Today’s term applies to both long and short term borrowing, and though familiar it is often a misunderstood financial term. Let’s take a look at what credit rating means and how it affects businesses, governments, and individuals.

credit rating (n)

  1. an evaluation of the likelihood that a borrower will repay a debt or financial obligation based on past history, current financial obligations, and worth of the borrower’s financial assets

Generally, credit rating agencies assign credit ratings to any person, entity, or group that wishes to borrow money. This includes corporations, individuals, and even local,  provincial, and national governments. When it comes to businesses and governments, credit ratings are evaluated and assigned by major financial institutions such as Moody’s, Standard & Poor’s, and Fitch. Entities pay these agencies for their own evaluations and any outstanding debt concerns.

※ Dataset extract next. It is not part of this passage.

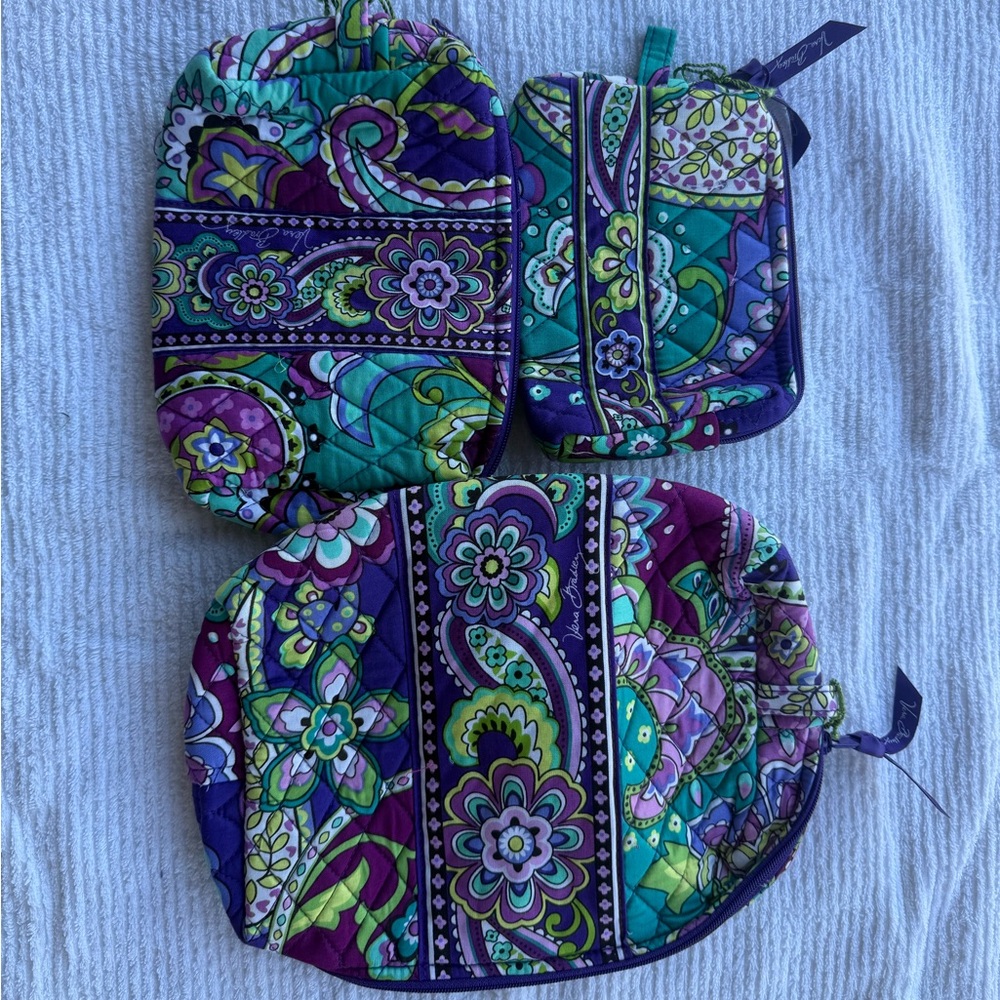Vera Bradley large, medium and small cosmetic bags
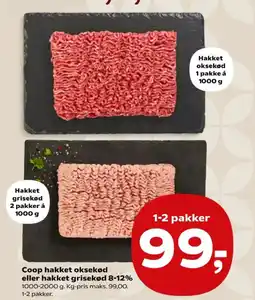 Kvickly Coop hakket oksekød eller hakket grisekød tilbud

To evaluate individuals, the three major credit reporting agencies (Equifax, Experian, and TransUnion) review their credit history. Since a loan is a promise to repay borrowed money under set conditions, an individual’s credit rating determines the likelihood of a borrower paying back what they owe according to the terms of the loan. High credit ratings mean that the loan is most likely going to be paid back within the time frame and according to the loan agreement. Poor credit ratings, on the other hand, indicate a borrower has struggled to repay what they owed in the past and may have difficulty maintaining future lending agreements. When a person or organization has a higher credit rating, it means that they are a better candidate for loans and lines of credit.

As a general rule, credit ratings are applied to government entities and businesses, whereas credit scores are for individual borrowers. Credit scores are numbered (usually between 300-850), and credit ratings are given a letter grade. When rating governments or businesses, the ratings are also often referred to as sovereign credit ratings for nations and corporate credit ratings for businesses.

Credit rating agencies for businesses and governments are reported using a letter grade to indicate their creditworthiness. AAA is the highest rating on the Standard & Poor’s rating system, whereas D is the lowest.

So why do credit ratings matter? When it comes to businesses and borrowing, reporting agencies derive credit ratings from a significant amount of research and financial study. Borrowers want to maintain the highest rating possible due to its impact on the amount of interest that lenders charge on borrowed monies, so maintaining good financial health is crucial for growth and expansion. Credit rating agencies, rate companies as objectively as possible based on how well they maintain their corporate financial affairs and their actual capacity to repay a debt. Many investors look closely at credit ratings too, as it is an indicator of whether or not a business venture will earn better returns.

If you don’t maintain your financial bookkeeping well, you may find lenders and investors a lot less forthcoming with the capital you need to grow. Keep an eye on your rating and make it a priority for your accounting department. Smart financial management may one day be a crucial determining factor in long term success and failure.